Nijman has long been affiliated with the National Geographic Society, first as a member of the Committee for Research & Exploration (2002-2011) and, since 2011, as chair of the society’s Global Exploration Fund in Europe.
His professional honors include the J. Warren Nystrom Award for best doctoral dissertation in geography and the J.B. Jackson book award from the American Association of Geographers, the University Teaching Award at the University of Miami and a Guggenheim Fellowship.
Nijman holds a doctorate in geography from the University of Colorado.
Chris Markl is a visiting professor of social entrepreneurship in the Department of Public Management and Policy.
Prior to joining the Andrew Young School, Markl was a social entrepreneur in residence at Florida State University’s Center for Undergraduate Research and Academic Engagement. A social entrepreneur, Markl founded Kourage Athletics which leveraged the storied tradition of Kenyan runners to create authentically Kenyan running apparel. Kourage sold products to over 20-countries, was featured on CNN and worked with Olympian medalists. Markl also founded and led two charity cross-country bicycle rides. Outside of his entrepreneurship experience, he has worked as an economic analyst in emerging economies. His experience varies from building and monitoring an evaluation system in the Middle East to working in textile factories in Latin America.
Louis Perrault is an assistant professor in the Department of Economics.
His primary research interests are public finance and optimal taxation. Recent work has focused on the long-term effects of income taxation and their implications on fiscal policy.
Perrault has worked as an economist for the Competition Bureau, Canada’s antitrust agency. In his position at the bureau, he analyzed the likely impacts of complex mergers, anticompetitive practices and alleged criminal conducts.
He holds a doctorate in economics from the Queen’s University of Kingston.

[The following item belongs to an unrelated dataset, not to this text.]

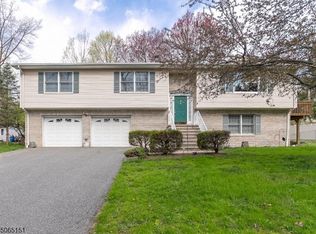 12 Chickadee Rd, Budd Lake, NJ 07828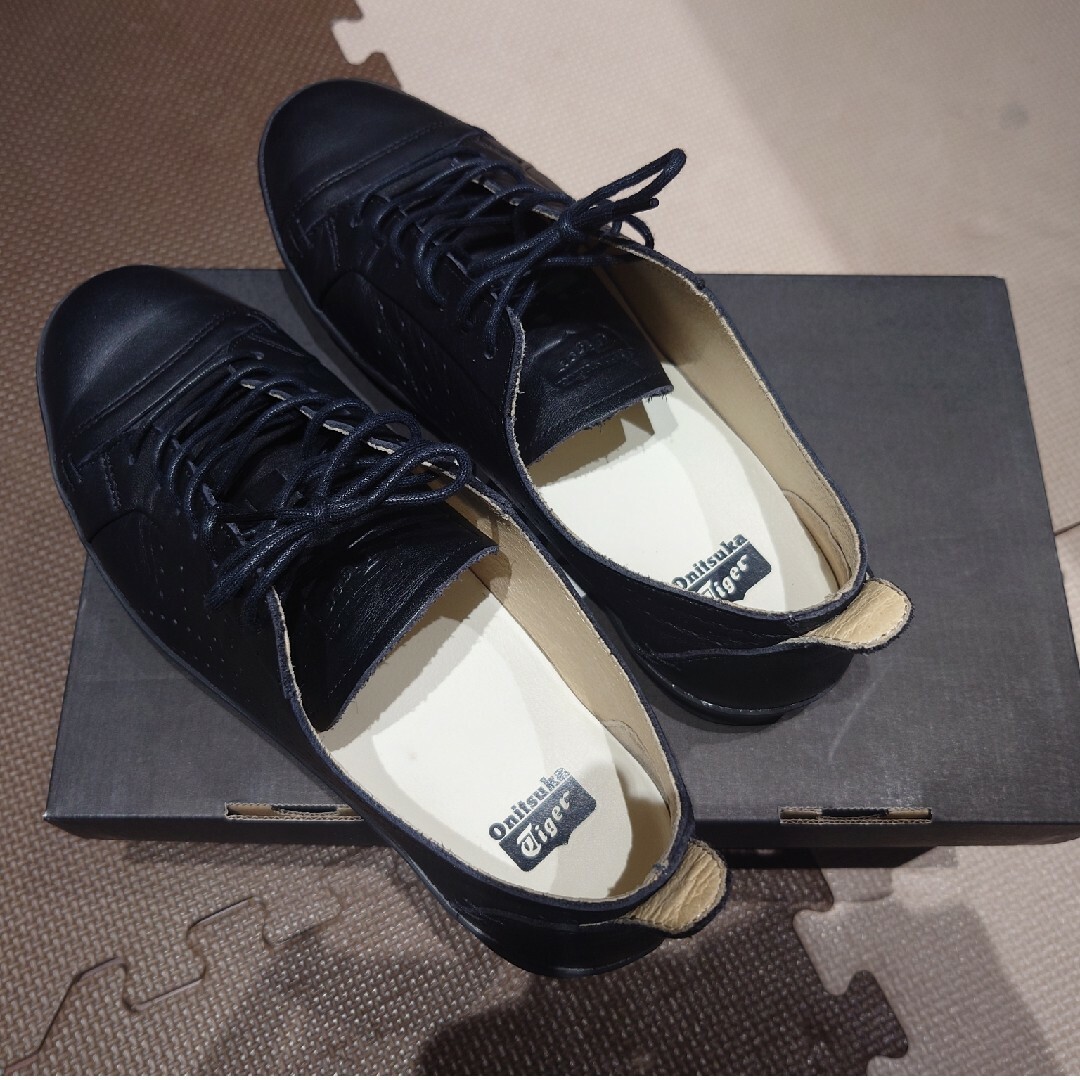 Onitsuka Tiger(オニツカタイガー)の【はる様ご依頼分】オニツカタイガー　COLESNELO 25.0 メンズの靴/シューズ(スニーカー)の商品写真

Anne Shlay, a professor of sociology in the College of Arts & Sciences, is an affiliated faculty member with the Andrew Young School of Policy Studies.

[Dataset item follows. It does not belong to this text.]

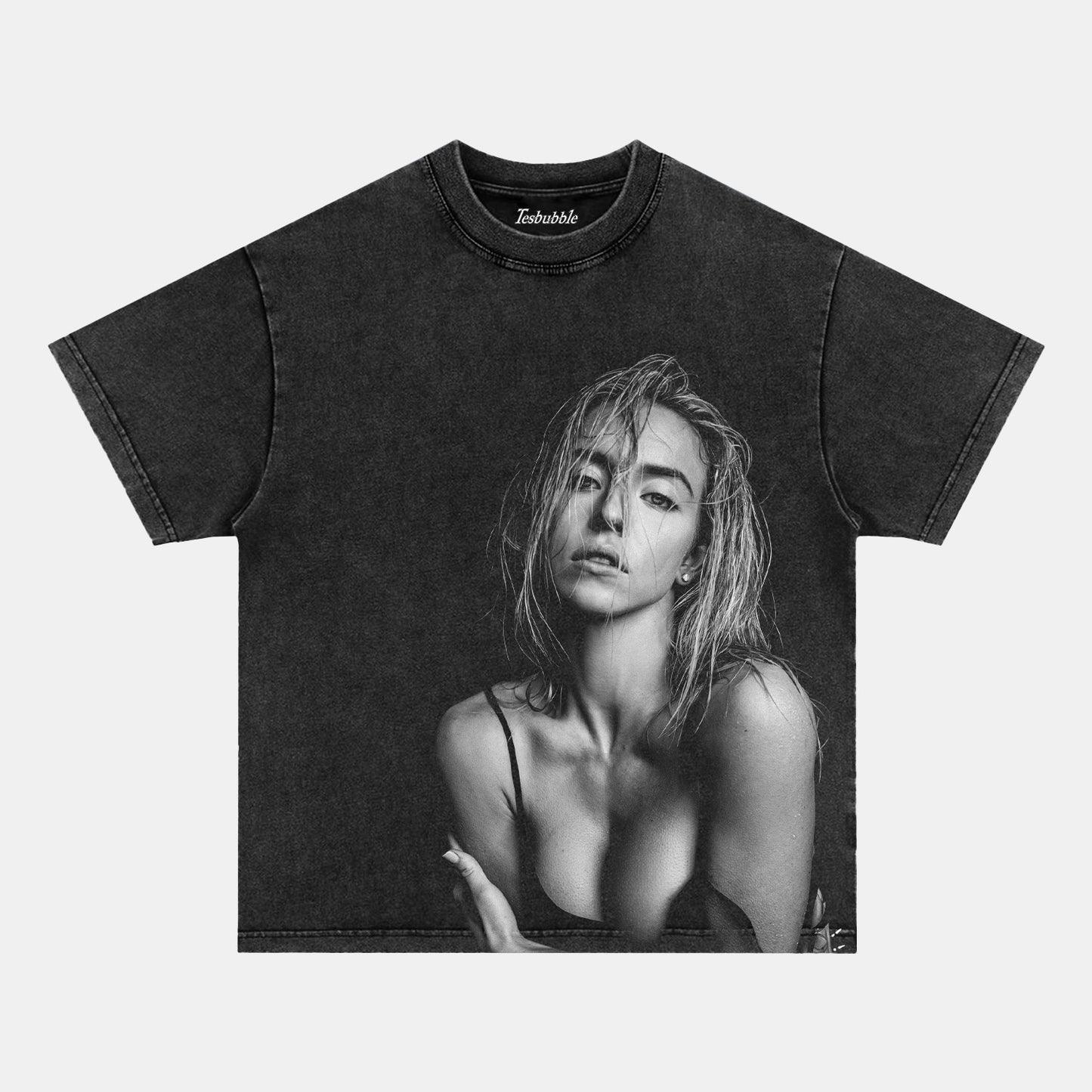 SYDNEY SWEENEY W29 TEE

Shlay’s research has spanned many topics, including urban development, spatial inequality, neighborhood change, housing policy and preferences, child care policy, and homelessness. She conducts both basic and applied research and is an experienced program evaluator.

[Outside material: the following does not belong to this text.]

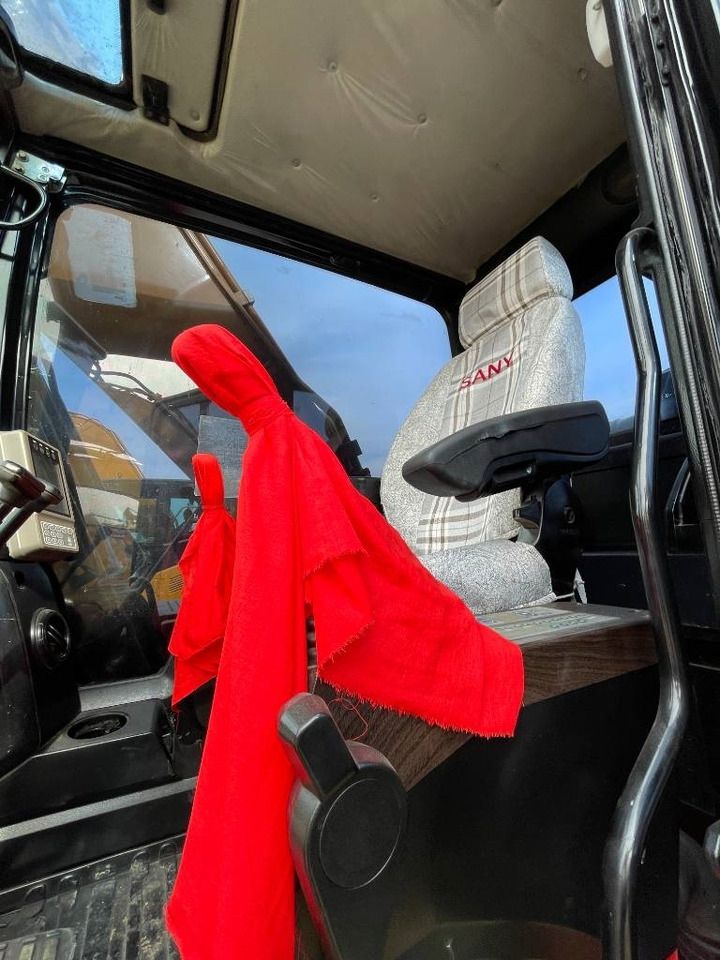 2024 Sany SY215 crawler excavator interior view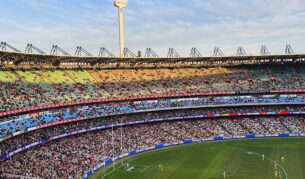 an afl game in melbourne stadium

Her recent publications are “Transnational Rights to Barcelona: Senegalese Immigrants and Urban Regeneration” (with Emma Giloth in Revista de Derecho Urbanistico, 2015); “Gentrification and the Right to the City: Community Conflict and Casinos” (with John Balzarini in Journal of Urban Affairs, 2015); “Life, Liberty and the Pursuit of Housing: Rethinking Renting and Owning in Post-Crisis America” (in Housing Studies, 2014); and “Whose Right to Jerusalem” (with Gillad Rosen in International Journal of Urban and Regional Research, 2014).
Shlay is the author (with Gillad Rosen) of “Jerusalem: The Spatial Politics of a Divided Metropolis” (Polity, 2015). Based on 90 key informant interviews and on-site research, the book examines the social and political underpinnings of the conflict over Jerusalem and is a comprehensive analysis of the groups and ideologies that perpetuate this battle over what is the global poster child for contested cities.
In addition to her research, Shlay teaches a variety of classes on urban and housing issues as well as Jerusalem. She holds a doctorate in sociology from the University of Massachusetts.
The Andrew Young School of Policy Studies, which celebrates its 20th anniversary this year, ranks among the top 10 percent of the nation’s public affairs graduate schools.